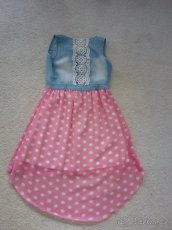 Dívčí šaty - 2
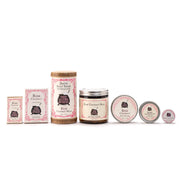 Soap Cauldron Body Butter Rose & Coconut Body Butter White Smoke 4 oz,2.5 oz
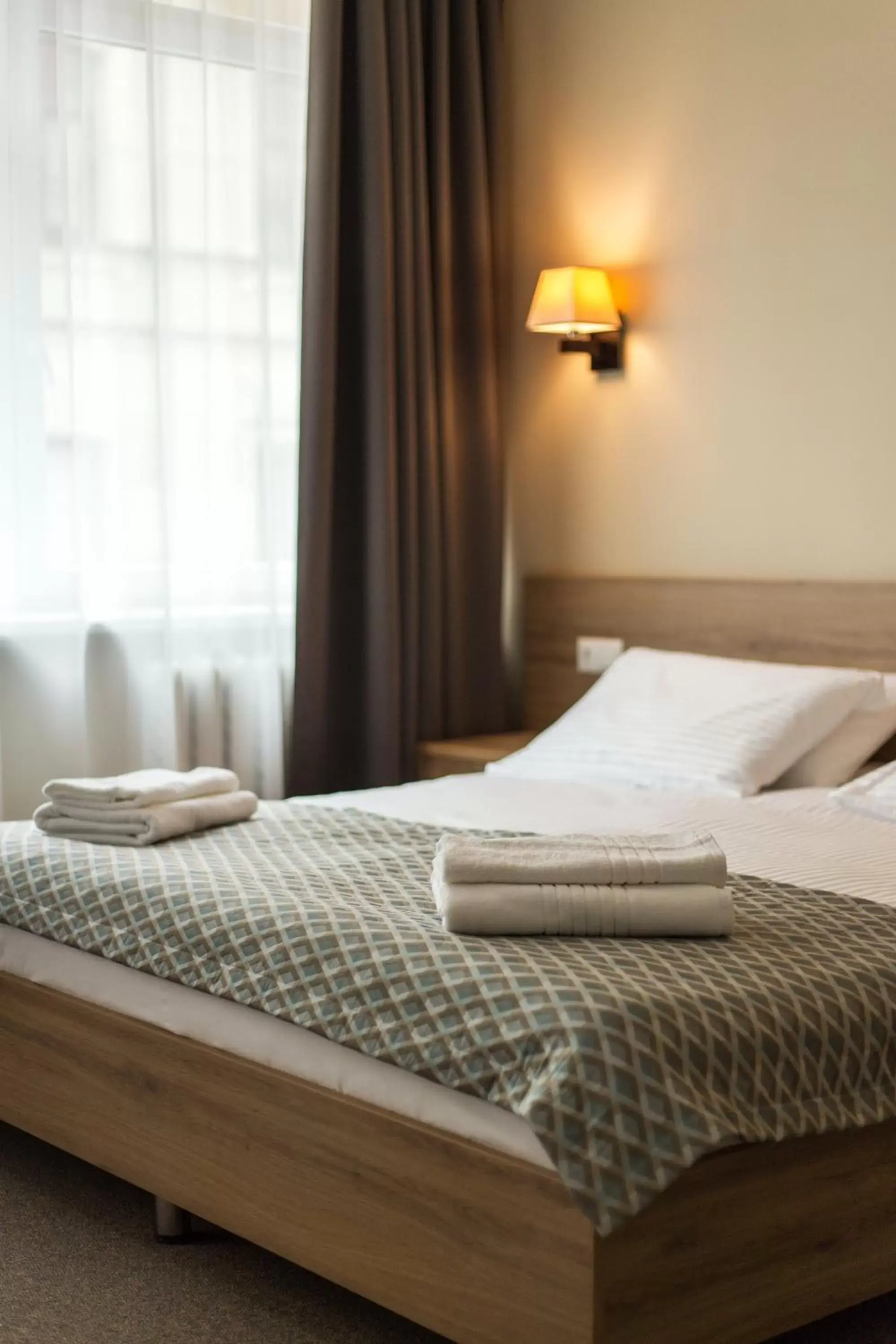 Deluxe Double Room in Old Town Trio Deluxe Double Room in Old Town Trio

:::

▸ **WHAT IS EXPECTED**:
Using the listing above, copy exactly the lines from the one that contains "Soap Cauldron Body" through its last line, both included, but not the pictures.

▸ **REPLY**:
 Soap Cauldron Body Butter Rose & Coconut Body Butter White Smoke 4 oz,2.5 oz
 Deluxe Double Room in Old Town Trio Deluxe Double Room in Old Town Trio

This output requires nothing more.